Nun sind wir da natürlich mit einer Schwierigkeit konfrontiert, und da hat der Bundesrat absolut Recht: Es gibt keine umfassende Kompetenz für den Bundesrat, sondern die Schwierigkeit besteht darin, dass es verschiedene Ebenen sind, die betroffen sind. Der Bund ist in verschiedenen Bereichen betroffen, z. B. bei der Post, die Kantone sind z. B. im Bildungs- oder im Energiebereich betroffen, und wenn es um den Dorfladen geht, ist eigentlich die Gemeinde angesprochen.

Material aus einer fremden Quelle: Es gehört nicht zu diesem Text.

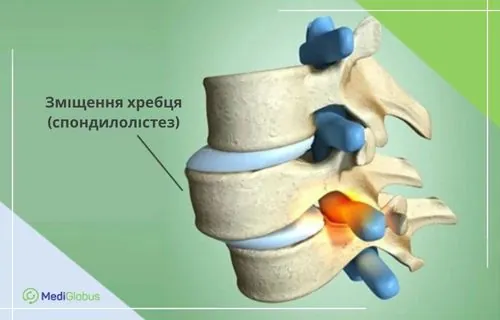 Зміщення хребця спондилолістез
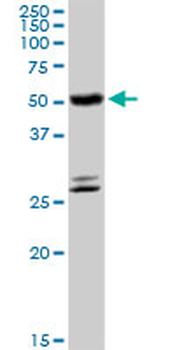 CYP4B1 MaxPab rabbit polyclonal antibody (D01)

Das möchte ich eben mit Modellvorhaben zu überwinden versuchen. Ich wähle bewusst den Begriff "Modellvorhaben"; hier könnten Bund, Kantone und Gemeinden gemeinsam diskutieren, wie man neue Lösungen ausarbeiten kann. Es geht mir bewusst nicht um eine rechtliche Grundlage, das ist absolut nicht die Absicht dieser Motion, sondern es geht darum, dass man Modellvorhaben fördern würde, die dann neue Lösungen aufzeigen und auch den Erfahrungsaustausch befördern können, sodass dann eben verschiedene Modelle miteinander verglichen werden können. Das eine funktioniert in der einen Gemeinde, das andere funktioniert in der anderen Gemeinde mit ganz anderen Voraussetzungen. Das könnte man mit Modellvorhaben fördern, wie es auch mit den Modellvorhaben bei der Raumentwicklung getan wird.

In diesem Sinne bitte ich Sie um Unterstützung der Motion.